DESCRIPTION OF THE TASK.
Your output must be the lines below from the line containing "Mooie jongedame aan" to the line containing "240 1/2 S Pine St, Davenport, IA 52802", both lines included, reproduced exactly and without pictures.

** AVAILABLE DATA follows **

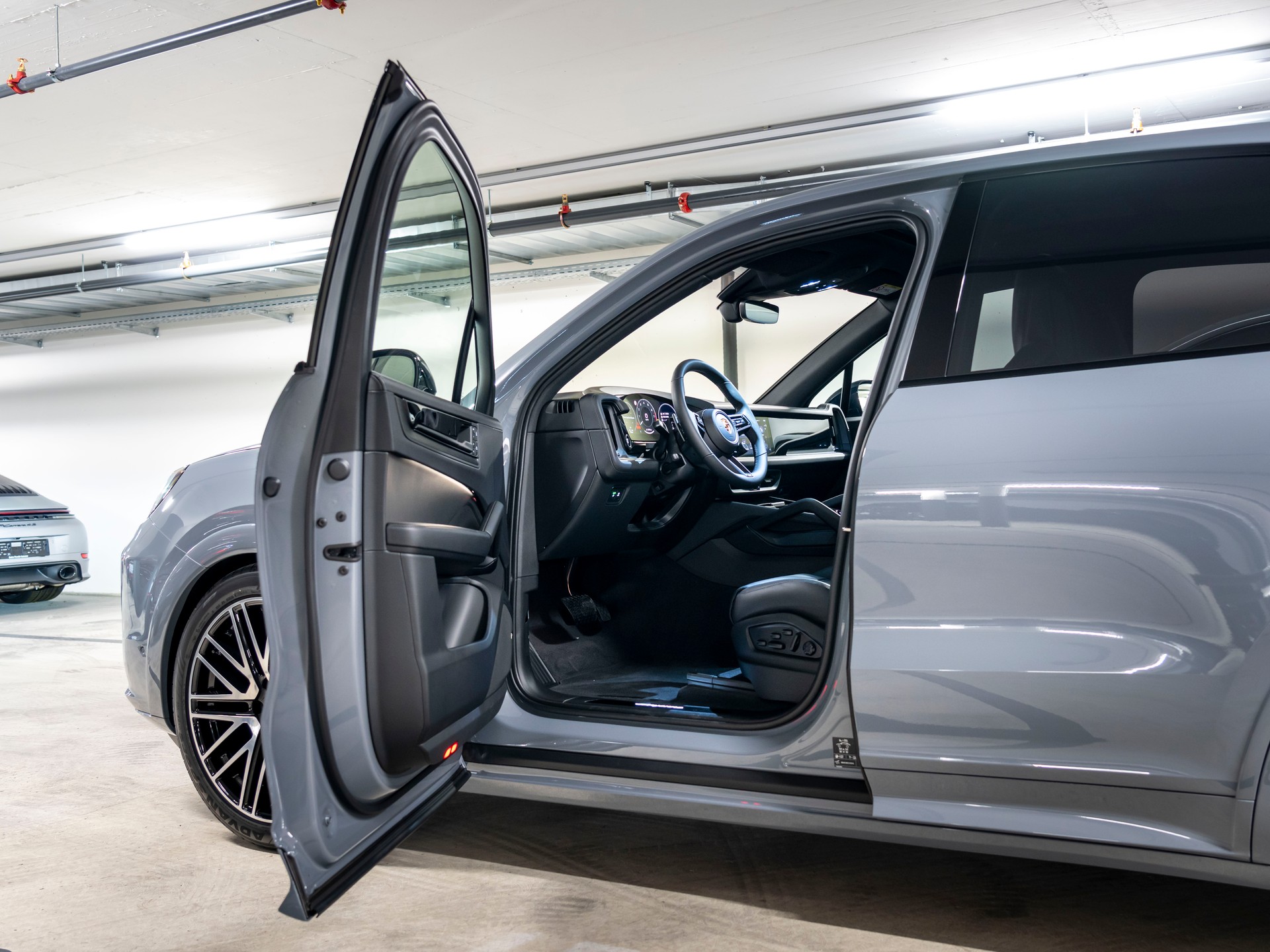 PORSCHE Cayenne Black Edition Tiptronic-image-13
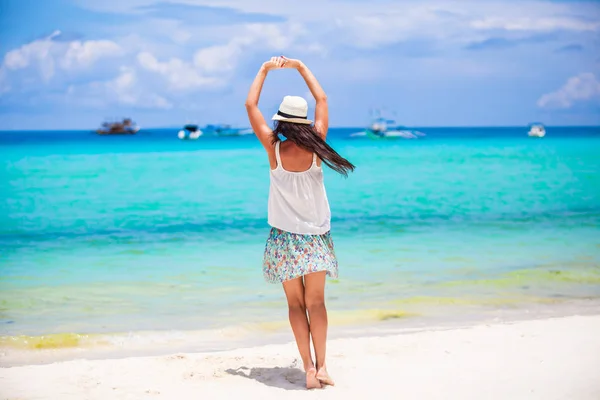 Mooie jongedame aan tropische kust. Gelukkig meisje in dansen op het strand — Stockfoto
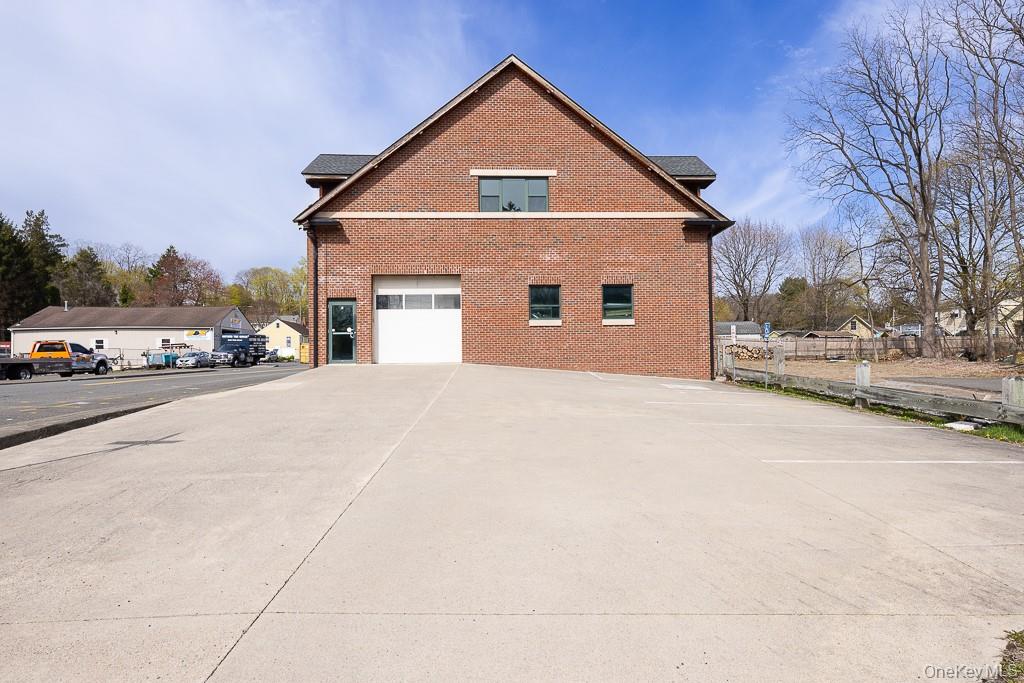 1 Teneyck Street Property Photo 13
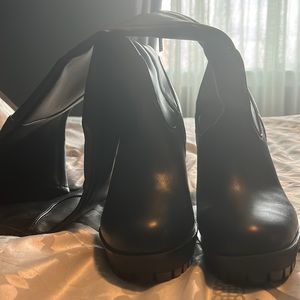 Guess Women’sOver the knee narrow calf Boots size 10, M color, black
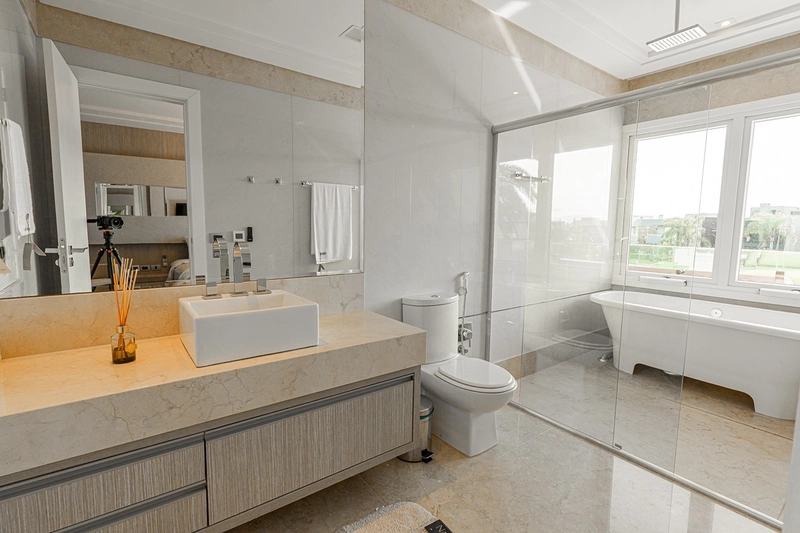 Mansão com 02 terrenos na beira do lago no condomínio Enseada: 6ª foto da galeria de imagens do imóvel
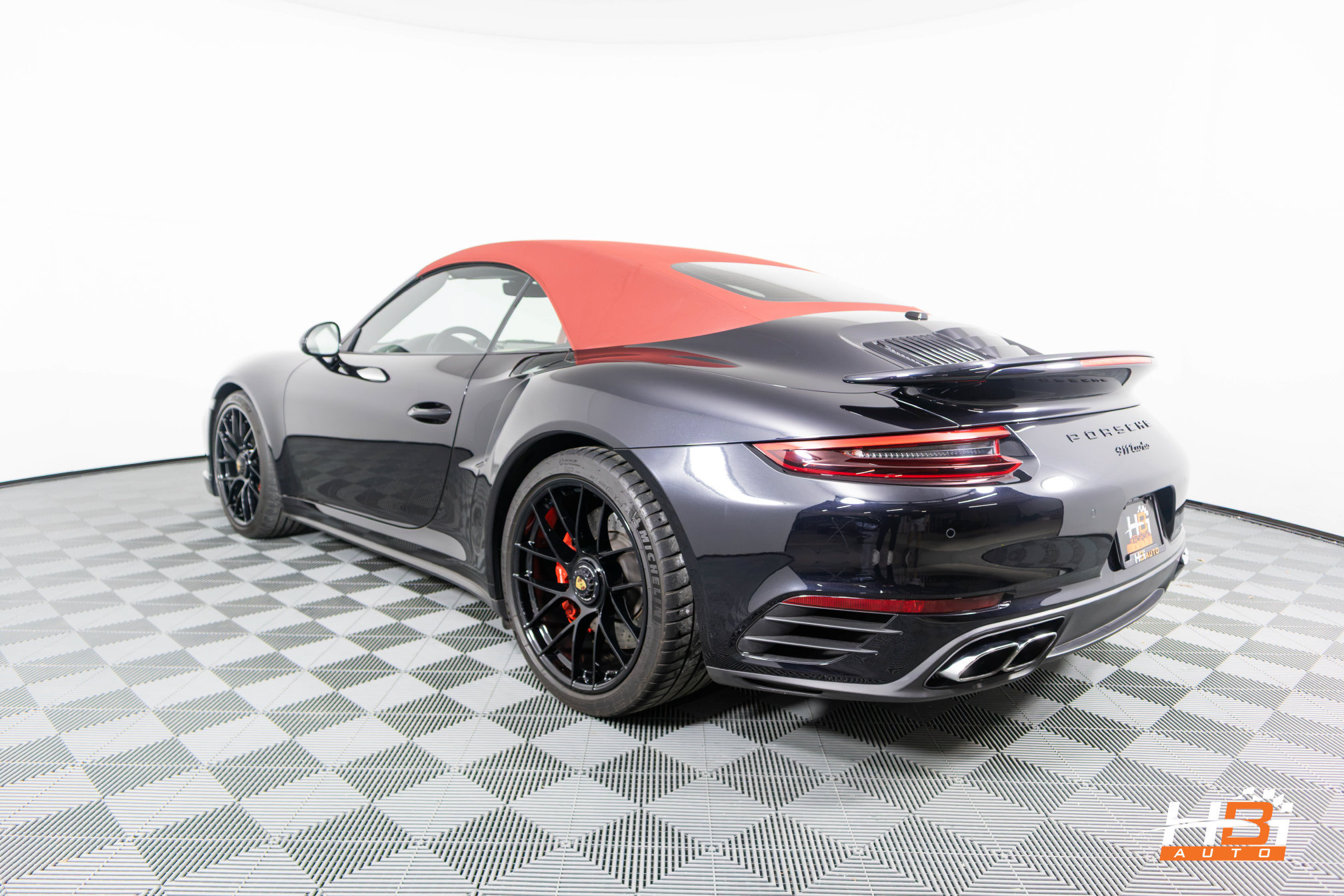 Used 2019 Porsche 911 Turbo AWD/4WD image 7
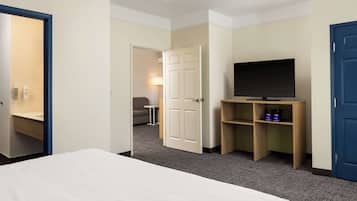 Premium bedding, desk, iron/ironing board, free cots/infant beds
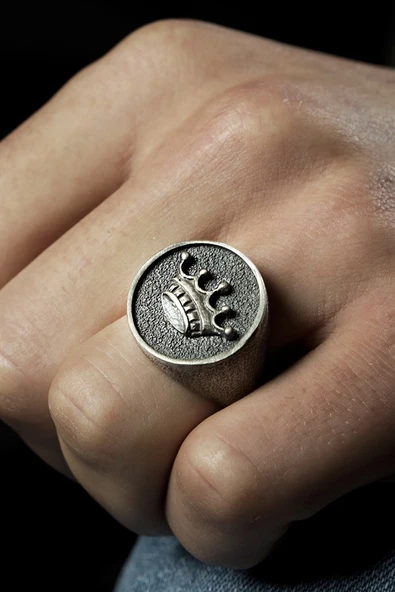 Gümüş Kral Tacı Figürlü Erkek Yüzük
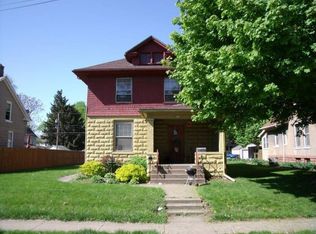 240 1/2 S Pine St, Davenport, IA 52802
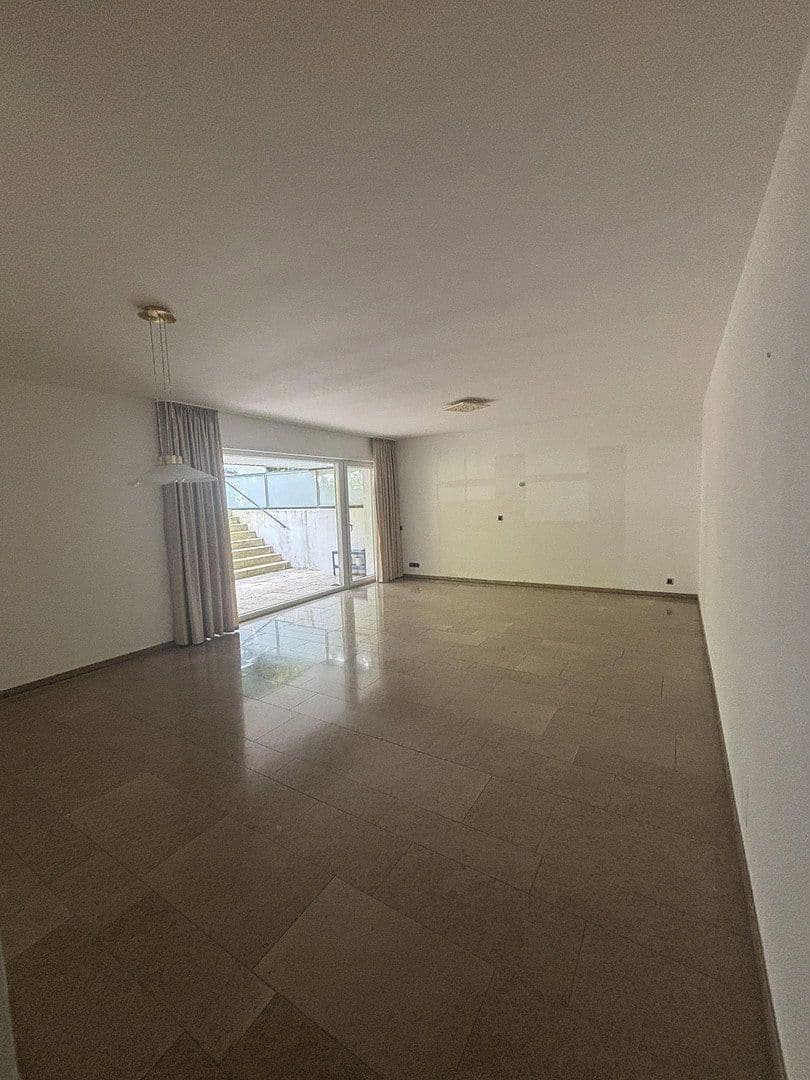 Pronájem bytu 2+kk 96 m², Mielesheide 4, Essen, Severní Porýní-Vestfálsko Pronájem bytu 2+kk 96 m², Mielesheide 4, Essen, Severní Porýní-Vestfálsko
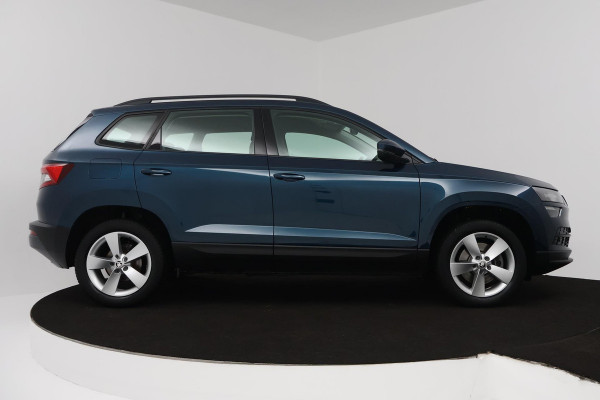 Škoda Karoq 1.5 TSI ACT Ambition Business (ACHTERUITRIJCAMERA, PARKEERSENSOREN, CRUISE CONTROL, NAVIGATIE, AUTOMAAT)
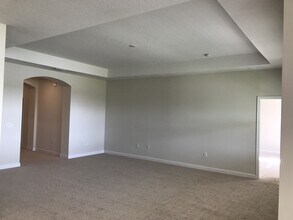 10065 Pecan Hickory Way in Orlando, FL - Building Photo - Building Photo
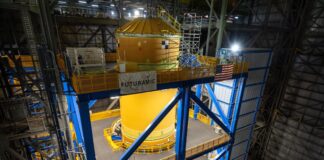 Ракета для Artemis 3 зібрана для критичного тесту на орбіті Землі у 2027 році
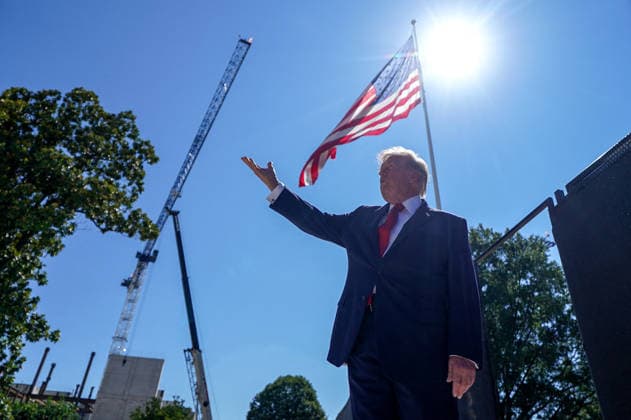 Trump Tours White House Helipad WASHINGTON, DC - AUGUST 19: U.S. President Donald Trump speaks to the press as he tours a new helipad on Wednesday, Aug. 19, 2026 on the South Lawn of the White House in Washington, D.C. Trump was expected to sign a piece of stone that will be inserted into the helipad. (Photo by Al Drago Pool For The Washington Post) Washington DC United States  Copyright: xPool ABACAx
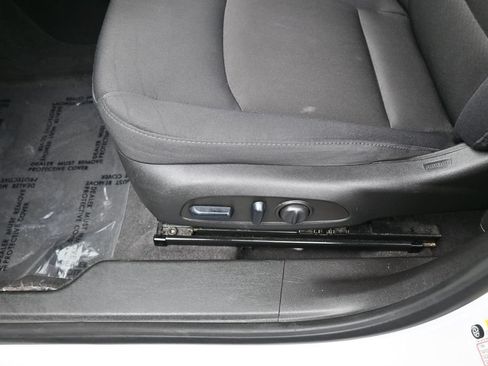 Used 2024 Chevrolet Malibu LT FWD image 17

** End of AVAILABLE DATA **

ANSWER SECTION.
 Mooie jongedame aan tropische kust. Gelukkig meisje in dansen op het strand — Stockfoto
 1 Teneyck Street Property Photo 13
 Guess Women’sOver the knee narrow calf Boots size 10, M color, black
 Mansão com 02 terrenos na beira do lago no condomínio Enseada: 6ª foto da galeria de imagens do imóvel
 Used 2019 Porsche 911 Turbo AWD/4WD image 7
 Premium bedding, desk, iron/ironing board, free cots/infant beds
 Gümüş Kral Tacı Figürlü Erkek Yüzük
 240 1/2 S Pine St, Davenport, IA 52802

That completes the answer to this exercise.